The engineering team behind that database was even more impressive. They tested their database in a simulation, running entire clusters on a single thread using emulated networking and storage. This approach allowed them to:
- inject faults that would be hard to get in a real world (swapping IPs, flipping network packets, emulating network partitions);
- reproduce any faults or problems deterministically under the debugger;
- emulate days of cluster lifetime in minutes.
So if we managed to implement some fairly simple (but robust enough) replication and fail-over approach while supporting proper system simulation, then we could test the living daylights out of them under different failure scenarios. We already have the building blocks for simulating everything except the storage, anyway.
Here are a few inspiring resources that we could steal ideas from:
- Consistent Transactions with Inconsistent Replication
- Cheap replication via ordered multicast on the network
- Simple Testing Can Prevent Most Critical Failures
- Use of Formal Methods at Amazon Web Services
- Combining Model Checking and Testing
- Automating Failure Testing Research at Internet Scale
- The Verification of a Distributed System
- Testing Distributed Systems w/ Deterministic Simulation
Lightning Memory-mapped Database
Roughly at the same time we discovered a wonderful piece of engineering called LMDB. It is a very opinionated embedded key-value database with predictable performance and strong ACID transactional guarantees. LMDB is based on B+Tree design, and works very well with read-heavy workloads.

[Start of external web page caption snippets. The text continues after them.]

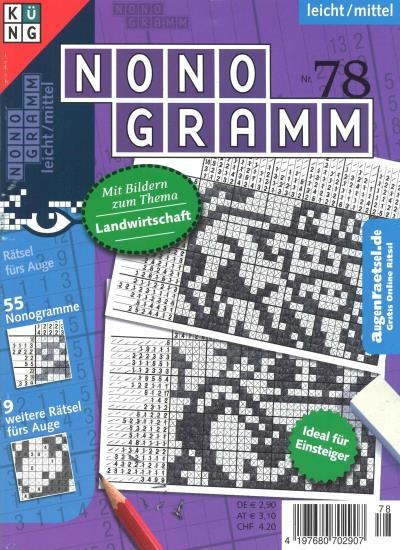 NONOGRAMM 78/2020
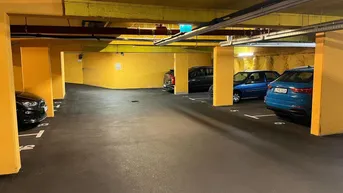 Expose orea | Garagen-Investment in 1140 Wien – 3 vermietete Stellplätze in guter Lage! | BEC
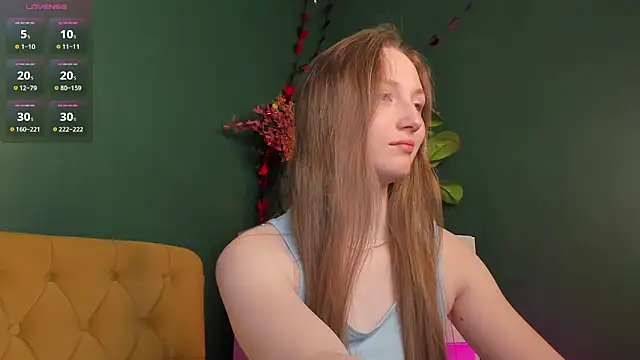 baby annn online show from April 1, 3:08 am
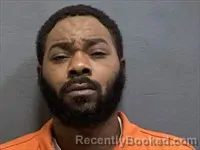 Mugshot of Charles Edward George booked in Houston County, Alabama on May 20, 2026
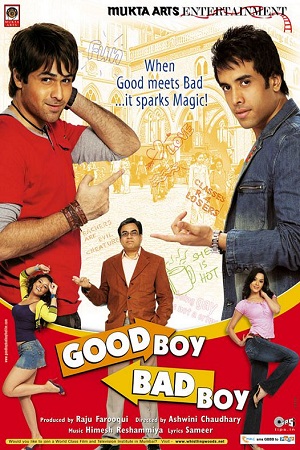 Good Boy, Bad Boy 2007 Hindi Full Movie WEB-DL 480p 720p 1080p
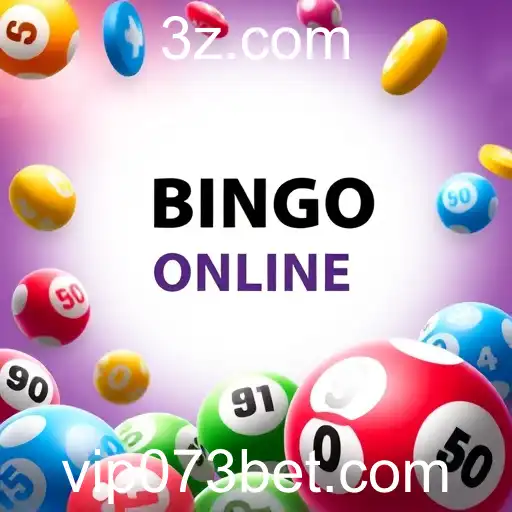 Descubra a Diversidade dos Jogos de Bingo no 073bet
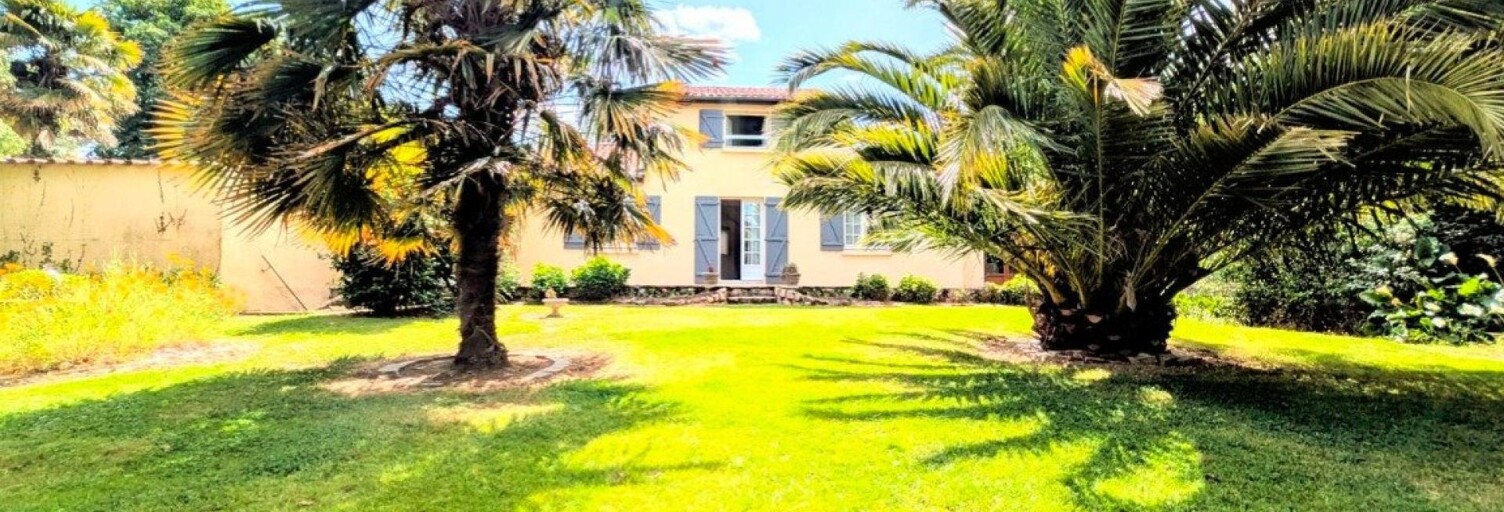 Maison 6 Pièces 190 m² à vendre à Port-Saint-Père (44710)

Luckily for us, FoundationDB also left a lot of legacy in tutorials on how to model various storage layers on top of a key-value database. If you look at things from their perspective, Cassandra storage can map rather cleanly on top of an ordered key-value database. Same for SQL databases as well.
DSLs for Boring Code
We are already using Lisp-based DSL to generate all message contracts with schema validation. It is a natural next step to move even more of the boring and verbose code into a higher-level DSL:
- API definitions and DTOs (with added benefit that we can generate swagger definitions, client libraries and documentation);
- storage layer for key-value database (hand-coding tuple and byte operations is boring);
- pull application-specific consistency controls into the code.
These insights helped us to plan our next design iteration:
- keep event-driven design, all scenarios and APIs;
- discard in-memory implementation completely;
- replace Cassandra backend with LMDB implementation using FDB storage layer approach;
- use LMAX-style replication approach (master replicates events to followers, we fail over to them via the LB);
- take ideas from papers like TAPIR to make consistency decisions part of an application logic (which matches what business did for years anyway);
- simulate the system and beat it with failures, taking inspiration from giants like Netflix, Twitter, FoundationDB, Amazon;
- save money by replacing a rather expensive Cassandra cluster with smaller and cheaper application node replicas, partitions; also get a simulation cluster (running on buggy hardware);
- replace repetitive code (or code that tries to work around the limitations of OOP) with meta-programming.
In theory all this should work well.